1. Yes, there was a huge security mess with the WD MyBookLive, where people had all their data deleted if they enabled UPNP and allowed the drive to punch a hole in their NAT. But never expose any such "IoT" devices directly on the WAN - always block all these devices on the router WAN interface completely and ssh mount your network drives on a "home server." Have cron jobs on the server do the sync with cloud drives. MyBookLive is much less expensive and if you keep it off the WAN can work very well as a NAS.

2(a). Amazon CloudDrive used to be a good service to use, even after they got rid of their "unlimited" plans at $5/mo/1TB. But then they blocked off rclone and now there are close to zero clients that it works with - the only clients that work are their slow web interface and an "odrive" client that almost never syncs.

2(b). Microsoft OneDrive offers a nice "Business Basic" plan for $5/mo/1TB that seems pretty good.

3. BB2 storage is $0.005/GB-month - slightly more expensive than Amazon Glacier at $0.004/GB-month, but its download cost at $0.01/GB is better than Glacier's at $0.09/GB


I have a machine with two 6TB RAID 1 arrays. I have a backup script that runs rsync against a bunch of hosts periodically to one array. Then, weekly I run borg backup from one array to the other. Between borg compression and deduplication I have months of backups on the backup array.

Then at least once a month I bring in an offsite 6TB USB drive and rsync the borg backup to it after manually reviewing that the current borg backups are “sane”.
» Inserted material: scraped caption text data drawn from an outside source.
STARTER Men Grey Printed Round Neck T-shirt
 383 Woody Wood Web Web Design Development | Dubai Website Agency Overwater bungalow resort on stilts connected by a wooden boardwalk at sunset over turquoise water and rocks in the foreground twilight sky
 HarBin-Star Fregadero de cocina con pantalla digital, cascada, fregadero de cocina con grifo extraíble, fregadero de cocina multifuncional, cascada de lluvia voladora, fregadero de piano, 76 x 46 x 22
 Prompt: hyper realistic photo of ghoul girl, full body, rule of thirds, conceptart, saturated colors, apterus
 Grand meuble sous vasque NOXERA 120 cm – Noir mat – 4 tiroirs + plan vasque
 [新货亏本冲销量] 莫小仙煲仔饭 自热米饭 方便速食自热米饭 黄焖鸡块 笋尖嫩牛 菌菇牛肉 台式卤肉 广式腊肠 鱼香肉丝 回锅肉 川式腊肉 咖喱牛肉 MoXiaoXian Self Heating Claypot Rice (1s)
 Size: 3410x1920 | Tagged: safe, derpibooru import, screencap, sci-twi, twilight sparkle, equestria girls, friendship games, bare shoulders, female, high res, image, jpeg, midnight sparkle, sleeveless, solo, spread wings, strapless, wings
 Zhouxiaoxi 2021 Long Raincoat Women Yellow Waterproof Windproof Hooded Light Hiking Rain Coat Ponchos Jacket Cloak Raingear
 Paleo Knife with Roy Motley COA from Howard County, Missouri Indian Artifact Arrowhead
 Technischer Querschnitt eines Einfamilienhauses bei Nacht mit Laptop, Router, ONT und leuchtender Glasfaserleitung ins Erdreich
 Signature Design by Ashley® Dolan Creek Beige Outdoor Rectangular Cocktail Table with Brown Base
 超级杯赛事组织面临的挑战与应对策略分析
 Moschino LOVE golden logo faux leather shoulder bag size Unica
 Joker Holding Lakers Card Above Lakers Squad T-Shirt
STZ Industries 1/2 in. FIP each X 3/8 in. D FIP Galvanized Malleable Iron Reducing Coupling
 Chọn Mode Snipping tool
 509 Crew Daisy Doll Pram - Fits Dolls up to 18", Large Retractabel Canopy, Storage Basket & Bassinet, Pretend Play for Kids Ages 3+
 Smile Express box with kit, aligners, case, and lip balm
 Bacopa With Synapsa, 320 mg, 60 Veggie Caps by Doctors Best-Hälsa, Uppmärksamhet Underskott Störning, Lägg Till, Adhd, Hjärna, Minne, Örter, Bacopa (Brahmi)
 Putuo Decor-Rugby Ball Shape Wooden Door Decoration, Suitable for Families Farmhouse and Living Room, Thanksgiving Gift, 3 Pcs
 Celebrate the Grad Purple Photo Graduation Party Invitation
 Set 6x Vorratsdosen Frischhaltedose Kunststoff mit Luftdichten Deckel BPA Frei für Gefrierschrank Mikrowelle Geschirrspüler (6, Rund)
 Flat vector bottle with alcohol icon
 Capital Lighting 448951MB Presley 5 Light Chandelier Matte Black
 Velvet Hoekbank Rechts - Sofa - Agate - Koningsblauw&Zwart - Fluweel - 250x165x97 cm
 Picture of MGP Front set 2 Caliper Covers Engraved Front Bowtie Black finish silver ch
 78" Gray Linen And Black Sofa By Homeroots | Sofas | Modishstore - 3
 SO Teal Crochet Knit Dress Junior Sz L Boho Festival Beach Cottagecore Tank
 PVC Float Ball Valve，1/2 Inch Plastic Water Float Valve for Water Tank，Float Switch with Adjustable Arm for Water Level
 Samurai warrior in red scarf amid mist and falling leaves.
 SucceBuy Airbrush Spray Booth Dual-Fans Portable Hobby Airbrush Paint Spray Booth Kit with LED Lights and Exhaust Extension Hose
The main advantage to this approach is that even with complete physical destruction I can access/restore anything within hours. Additionally, going back to old versions or checkpoints locally is extremely fast (seconds to minutes) no matter the file size. I also have occasions where I create/change a lot of data in the same day, to the point where a former overnight cloud backup process would occasionally fail to run because it was still running from the night before!


Redundancy is your friend. If you are serious about data retention, you should be storing your most important data offsite. If you are serious about privacy, this may require backing up to a hard drive and physically storing that offsite yourself.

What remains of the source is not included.